Under the list of books recommended in the parents section, the devotional by Richard Foster is also listed. This book has readings by Catholic mystics.
DEVOTIONAL CLASSICS – Richard Foster
52 selections, organized to introduce readers through the course of one year to the great devotional writers. each selection is edited and includes an introduction and meditation by Richard Foster, as well as a linked biblical passage, discussion questions, and individual and group exercises. includes readings from: Augustine of Hippo, Frances of Assisi, Julian of Norwich, Martin Luther, Ignatius of Loyola, John Calvin, Teresa Avila, Blaise Pascal, Soren Kierkegaard, Evelyn Underhill, Dietrich Bonhoeffer, Thomas Merton, Dallas Willard, CS Lewis, and more. (103 books are excerpted).
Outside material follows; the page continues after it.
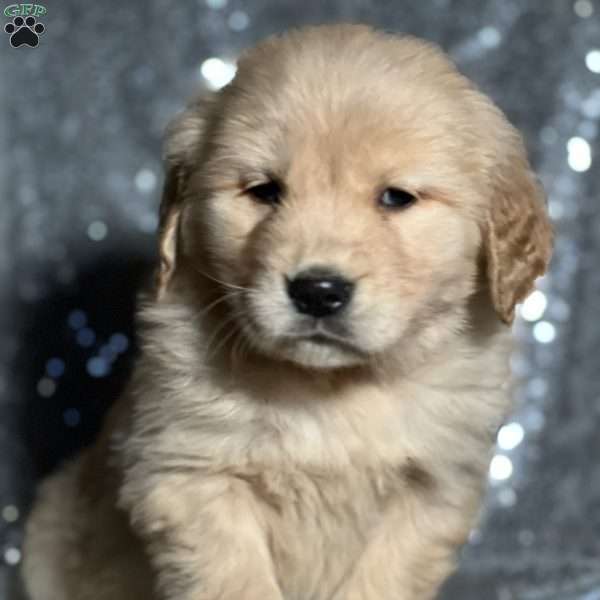 Troy, Golden Retriever Puppy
The Work of God: Benedictine Prayer. This book is also recommended reading under the resource reading list for parents at Redeemer Church, New York. The practice of Lectio Divina is given on page 99.
Under this same list of recommended books for parents are the Bible commentaries by N. T. (Tom) Wright, a bishop in the Anglican Church. He is known also for his New Perspective on Paul.
Tom Wright Commentaries – like the John one we used this year, Wright has others. (This is Bishop N. T. Wright)
One customer review of Romans for Everyone:
TOM WRIGHT–FOR EVERYONE! 10-06-07 by (private)
Bishop Tom Wright’s Romans for Everyone is the finest, most challenging exposition of Romans available today. Regardless of where you are on the denominational spectrum–from Pentecostal to Roman Catholic-Tom Wright’s Bible studies are amazing. His use of contemporary examples bring what for many Christians is "old stuff" to life again. You thought you knew Romans (or any of his other New Testament bible studies)? Well you will find yourself saying many times over: "I never knew that!!" You will not be disappointed.
Just what does Bishop N. T. Wright believe regarding the death and resurrection of our LORD Jesus Christ? The following will show that Bishop Wright’s views are far from the truth that is in God’s Word. His views are indeed poison to anyone who believes them.
I suspect that Bishop N. T. Wright would not appreciate my saying that he has dismissed penal substitution, especially since he himself maintains that he holds to “something that can be called ‘penal substitution.’” But this affirmation is precisely the problem. His definition of penal substitution is clearly at odds with what penal substitution is (at least historically defined).
In an essay titled “The Cross and the Caricatures,” Wright contends that any idea of an angry Father punishing his loving Son is a “caricature” of the penal substitution theory of the atonement. Wright affirms Steve Chalke’s definition of Christ’s atonement, which he describes as follows:
“On the cross, as an expression of God’s love, Jesus took into and upon himself the full force of all the evil around him, in the knowledge that if he bore it we would not have to; but this, which amounts to a form of penal substitution, is quite different from other forms of penal substitution, such as the medieval model of a vengeful father being placated by an act of gratuitous violence against his innocent son. In other words, there are many models of penal substitution, and the vengeful-father-and-innocent-son story is at best a caricature of the true one.”